PROBLEM TO SOLVE: Your answer should be an exact copy of all the entries, free of pictures.
═════ SOURCE DATA
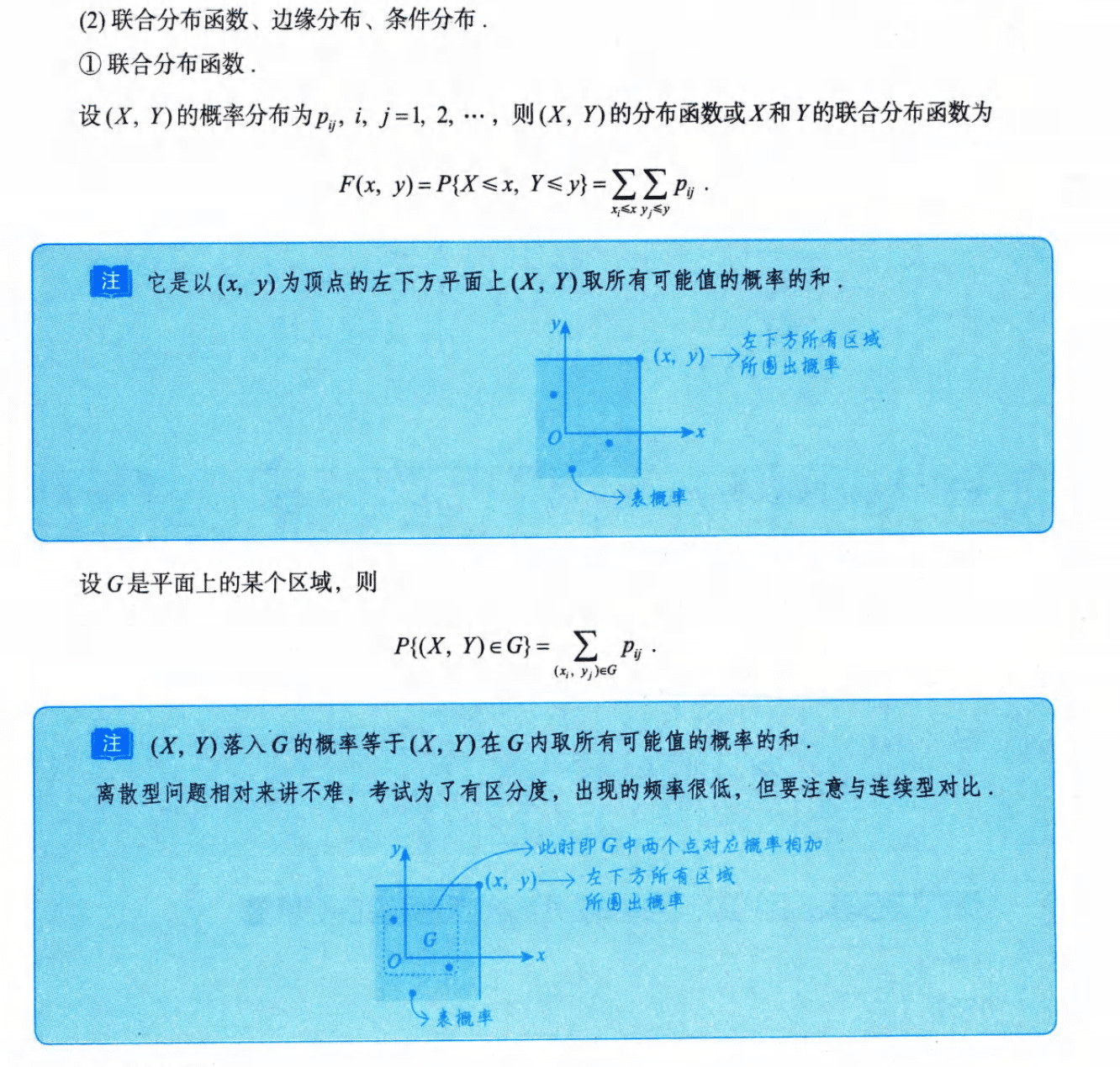 image-20251011154112712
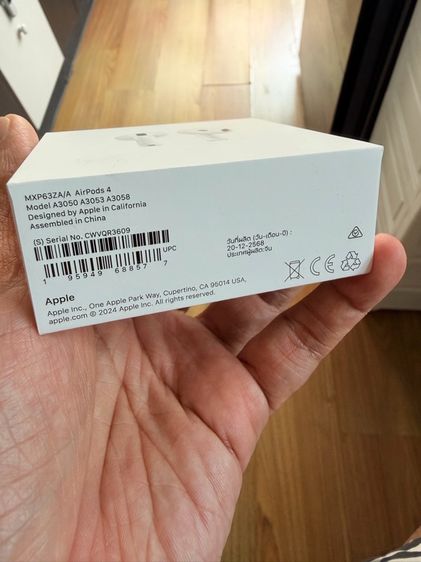 airpod4 ของใหม่ ยังไม่ใช่งาน รูปที่ 3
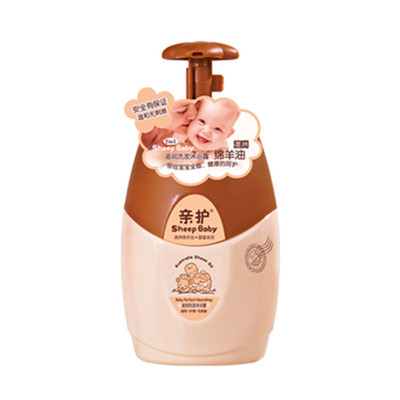 baby children Lanolin shampoo Shower Gel Two-in-one 520ML Child baby Maternity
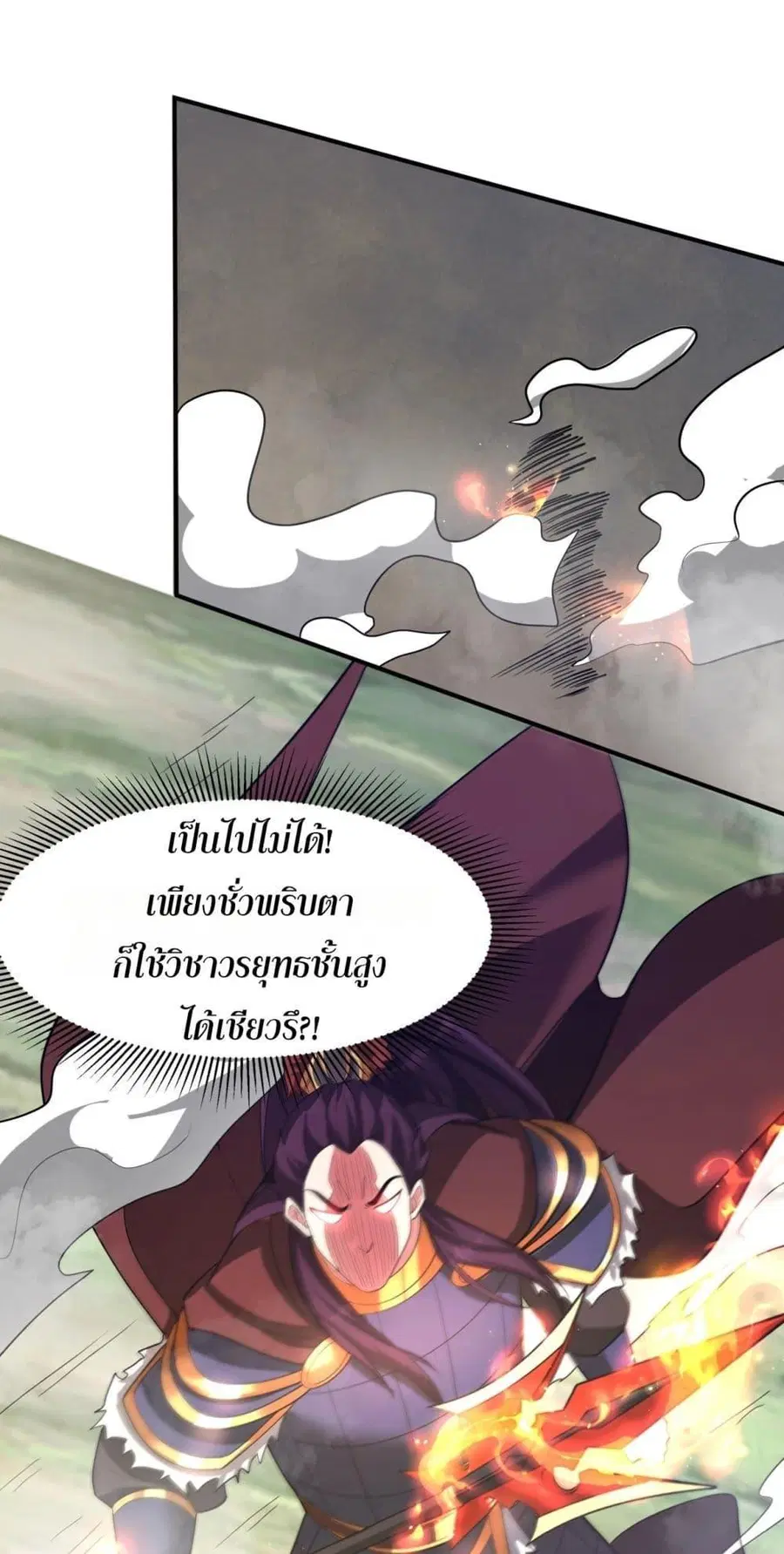 I Kill To Be God ตอนที่ 163 หน้า 2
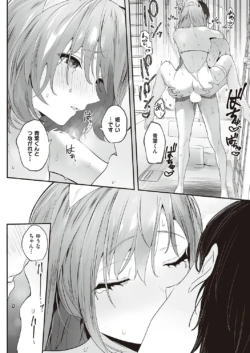 Page 311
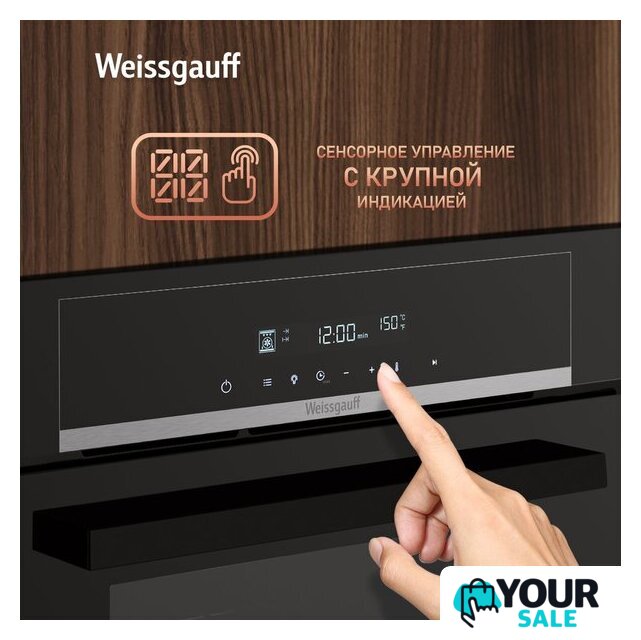 Электрический духовой шкаф Weissgauff EOM 710 SB - Изображение №20 — Интернет-магазин Your Sale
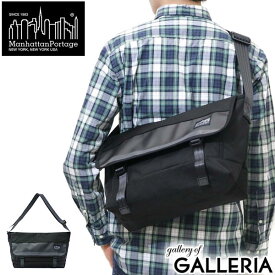 【最大39倍 4/20限定】【日本正規品】 マンハッタンポーテージ ブラックレーベル ショルダーバッグ Manhattan Portage BLACK LABEL マンハッタン メッセンジャーバッグ HIGH LINE MESSENGER BAG(S) A4 通勤 通学 MP1451BL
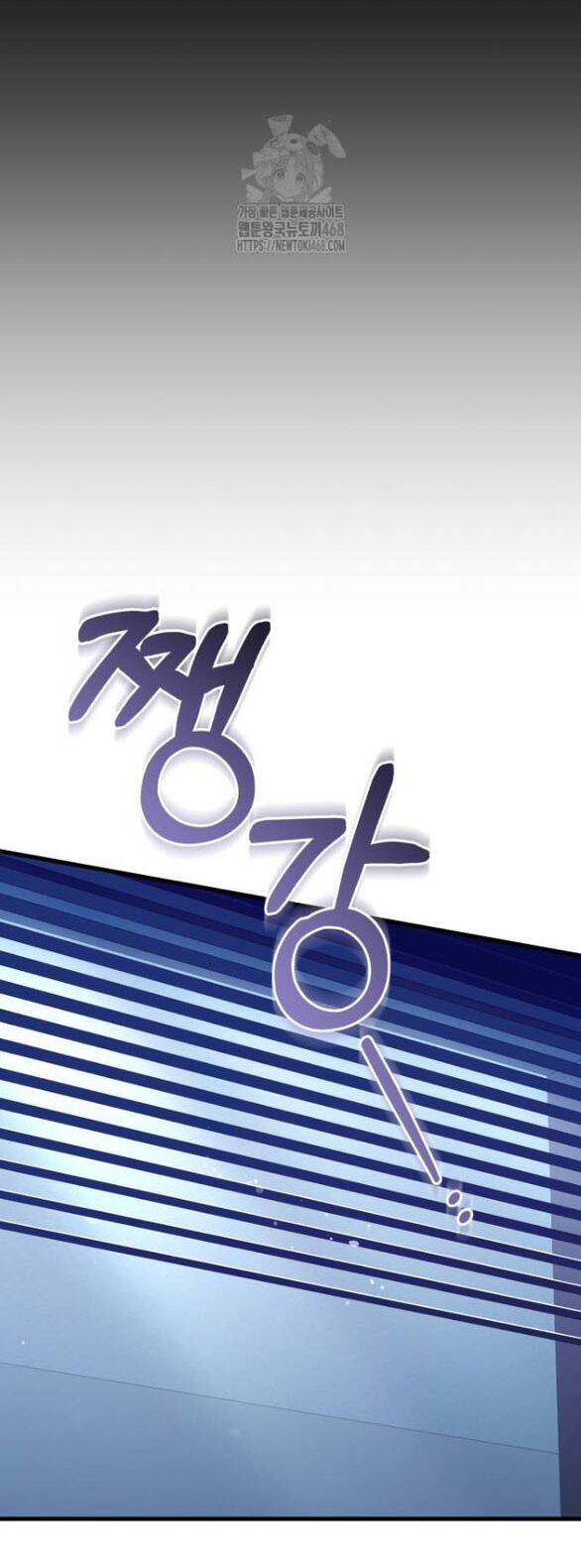 Nóng Lòng Muốn Giày Vò Em Chapter 96 - Trang 2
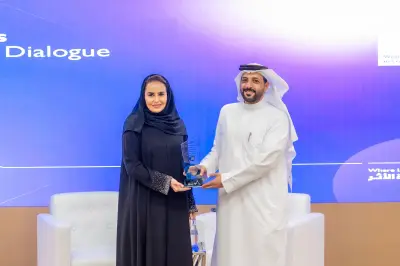 الأكاديمية المالية تطلق مبادرة لتطوير القيادات النسائية في القطاع المالي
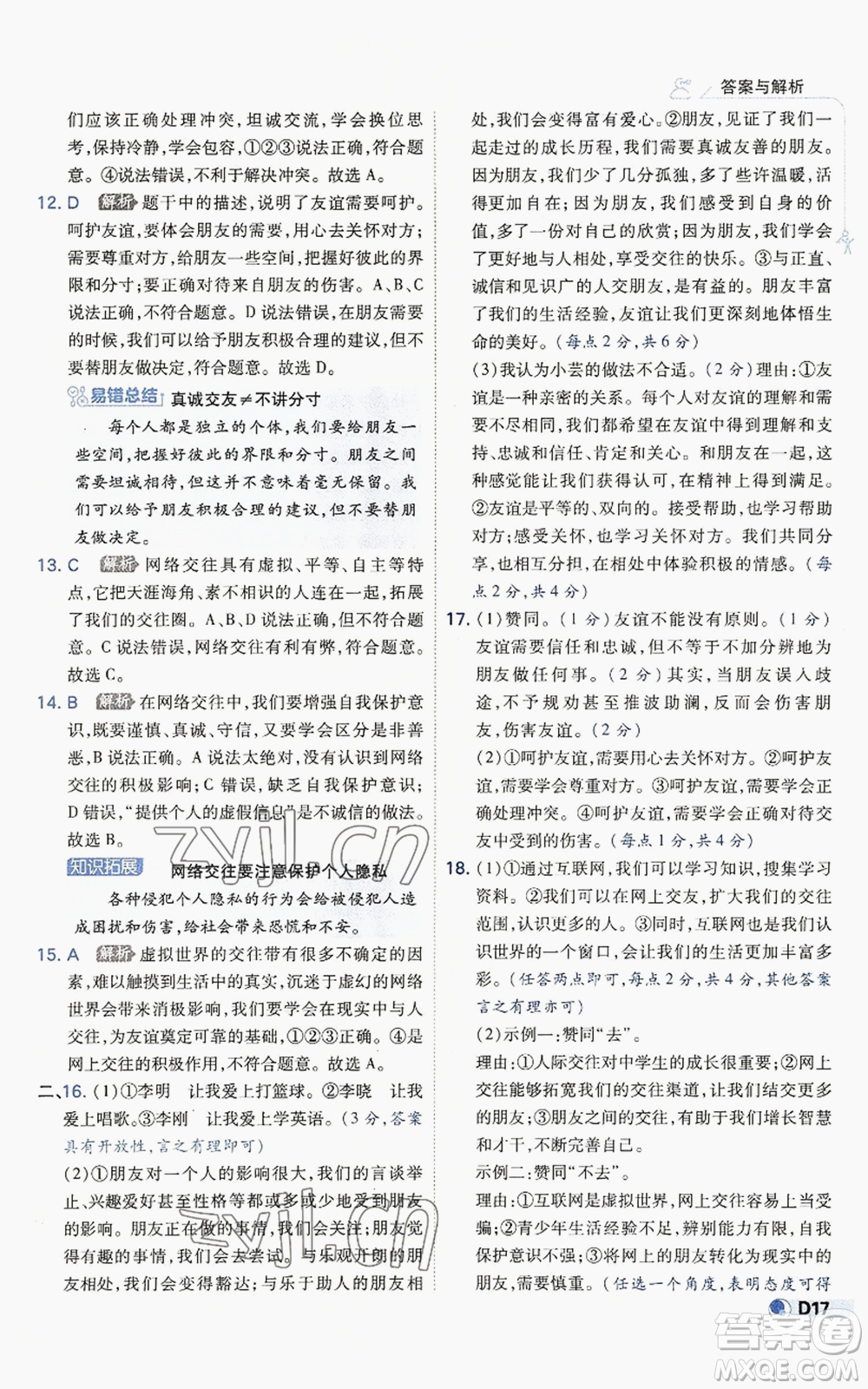 開明出版社2022秋季少年班七年級(jí)上冊(cè)道德與法治人教版參考答案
══════════
RESPONSE AREA:
 image-20251011154112712
 airpod4 ของใหม่ ยังไม่ใช่งาน รูปที่ 3
 baby children Lanolin shampoo Shower Gel Two-in-one 520ML Child baby Maternity
 I Kill To Be God ตอนที่ 163 หน้า 2
 Page 311
 Электрический духовой шкаф Weissgauff EOM 710 SB - Изображение №20 — Интернет-магазин Your Sale
 【最大39倍 4/20限定】【日本正規品】 マンハッタンポーテージ ブラックレーベル ショルダーバッグ Manhattan Portage BLACK LABEL マンハッタン メッセンジャーバッグ HIGH LINE MESSENGER BAG(S) A4 通勤 通学 MP1451BL
 Nóng Lòng Muốn Giày Vò Em Chapter 96 - Trang 2
 الأكاديمية المالية تطلق مبادرة لتطوير القيادات النسائية في القطاع المالي
 開明出版社2022秋季少年班七年級(jí)上冊(cè)道德與法治人教版參考答案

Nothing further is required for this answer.